Actually, what’s getting closer is an either-or: the Higgs Boson will be identified or it will be ruled out (which would disappoint particle physicists right up until the point they realize they now have brand-new lifetime jobs rewriting just about everything they thought they knew).
The results, announced at the Europhysics Conference on High-Energy Physics, are as interesting for what they don’t see as for what they do see. The latest experiments expand the “exclusions” for the Higgs Boson – a large number of theoretical potential masses for the particle are now ruled out.
That simplifies the task ahead for physicists, since they can narrow down experiments specific to the masses no longer excluded from the search.
These are preliminary results only – they have been reviewed by the 800 scientists in the project, but haven’t yet gone through the long process of a formal peer review. However, the latest results seem to exclude the Higgs Boson from the mass range between 155 and 190 GeV (giga-electron volts), and also from the 295 to 450 GeV range.
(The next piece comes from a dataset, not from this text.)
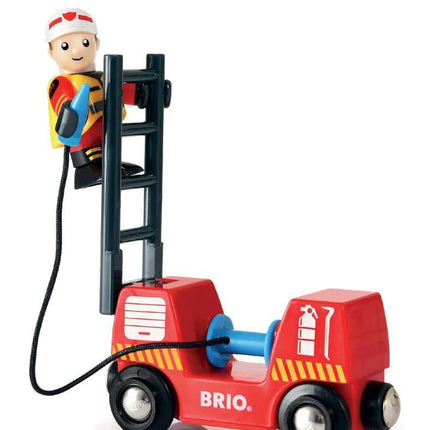 BRIO World Fire and Rescue Firefighter Set for Kids Age 3 Years Up - Wooden Railway Train Accessories and Add Ons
Anybody going Higgs Boson hunting in those mass ranges will now hear “you’re getting colder!” from their colleagues.
And, although it’s too early to say “there it is!”, the researchers have said there seem to be small amounts of excess particles, somewhere between 120 GeV and 180 GeV (the two detectors report different results: the LHC’s ATLAS detector sees excess particles between 120 and 145 GeV, while the CMS detector puts them between 120 and 180 GeV).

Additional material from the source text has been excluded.